Monday, 29 October 2018

Tribute Act blues, part 2.



The release of the Freddie Mercury biopic reminds me that I once had a spell playing with a Queen tribute act.

We played lots of gigs and built up a small but dedicated group of fans who followed us around the country. We got to know some of these fans quite well. One of the most devoted was Tessie, a friend-of-a-friend of our drummer. She was quite a big lady with a lively sense of humour and a fondness for pranks. She enjoyed our gigs but, more than anything else, she loved playing practical jokes on the band, invariably involving some spurious ‘emergency’ about one thing or another. On the way to one show, we got a voicemail message stating that the venue could not provide electricity after 9pm (that turned out to be Tessie). The day before another gig, we got an email asking if we could insert a couple of Abba songs into our set as there was a fan convention taking place in the town in which we were due to play (that turned out to be Tessie). Her pranks were occasionally amusing and usually harmless, but could sometimes be a pain in the neck when we were preparing for a performance.   
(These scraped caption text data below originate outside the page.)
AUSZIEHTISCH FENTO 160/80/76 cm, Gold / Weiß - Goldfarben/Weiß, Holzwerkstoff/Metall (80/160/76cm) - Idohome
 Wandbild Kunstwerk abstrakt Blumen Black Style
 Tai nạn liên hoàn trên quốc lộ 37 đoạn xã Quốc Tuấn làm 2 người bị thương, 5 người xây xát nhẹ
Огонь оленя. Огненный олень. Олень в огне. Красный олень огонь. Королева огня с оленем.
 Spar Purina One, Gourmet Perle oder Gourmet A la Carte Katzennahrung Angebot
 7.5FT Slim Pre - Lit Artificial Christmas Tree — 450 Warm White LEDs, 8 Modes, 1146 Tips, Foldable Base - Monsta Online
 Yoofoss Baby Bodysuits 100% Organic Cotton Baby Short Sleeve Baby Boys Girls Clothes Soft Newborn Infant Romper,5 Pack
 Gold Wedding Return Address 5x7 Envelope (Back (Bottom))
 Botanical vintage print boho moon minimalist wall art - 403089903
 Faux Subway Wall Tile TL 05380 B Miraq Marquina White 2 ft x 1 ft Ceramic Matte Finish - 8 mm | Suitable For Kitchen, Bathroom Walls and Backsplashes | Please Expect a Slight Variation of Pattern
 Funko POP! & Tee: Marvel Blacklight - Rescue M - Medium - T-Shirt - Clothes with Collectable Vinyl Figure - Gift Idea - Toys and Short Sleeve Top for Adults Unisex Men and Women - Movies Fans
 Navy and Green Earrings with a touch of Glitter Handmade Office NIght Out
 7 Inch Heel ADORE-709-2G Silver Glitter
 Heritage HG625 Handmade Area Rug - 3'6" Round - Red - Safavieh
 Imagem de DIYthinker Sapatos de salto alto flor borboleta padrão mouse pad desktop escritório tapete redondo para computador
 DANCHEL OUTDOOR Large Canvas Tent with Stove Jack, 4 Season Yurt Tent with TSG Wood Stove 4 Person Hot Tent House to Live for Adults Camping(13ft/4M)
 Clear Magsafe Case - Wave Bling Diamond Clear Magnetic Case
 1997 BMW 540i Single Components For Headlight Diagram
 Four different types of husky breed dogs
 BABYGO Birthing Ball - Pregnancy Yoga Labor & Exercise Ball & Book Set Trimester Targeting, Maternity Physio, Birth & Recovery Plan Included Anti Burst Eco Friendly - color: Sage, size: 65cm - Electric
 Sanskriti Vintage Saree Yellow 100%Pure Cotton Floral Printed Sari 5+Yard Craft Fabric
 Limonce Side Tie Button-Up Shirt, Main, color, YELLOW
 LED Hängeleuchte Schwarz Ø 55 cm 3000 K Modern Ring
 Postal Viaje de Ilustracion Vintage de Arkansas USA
I remember one gig at a small town on the Ayrshire coast. We arrived late after our van had broken down on the motorway. Not only did we have no time for a soundcheck, but the manager of the venue proceeded to put us under additional pressure by making an unusual request. Bohemian Rhapsody was normally the closing number in our act, but he asked if we could start the show with it. He felt that, because we would be playing to a ‘difficult’ Friday night crowd, we might need something big to get the inebriated locals onside as quickly as possible. After some awkward negotiations, we reluctantly agreed to open the set with what would normally have been our show-stopper.

The last thing we needed at that point was another complication, but shortly before the gig was due to start, we got a phone call from a woman claiming to be from the local bee-keeping society. She told us that they had been using the venue for a meeting earlier that day and that one of their members had accidentally left a large working hive behind in the 'trap room', immediately underneath the stage. According to this woman, we wouldn't be able to start our concert until they had removed the hive, as there was a strong possibility that a sudden outbreak of amplified music would send thousands of agitated bees flying up through the floorboards to attack members of the audience.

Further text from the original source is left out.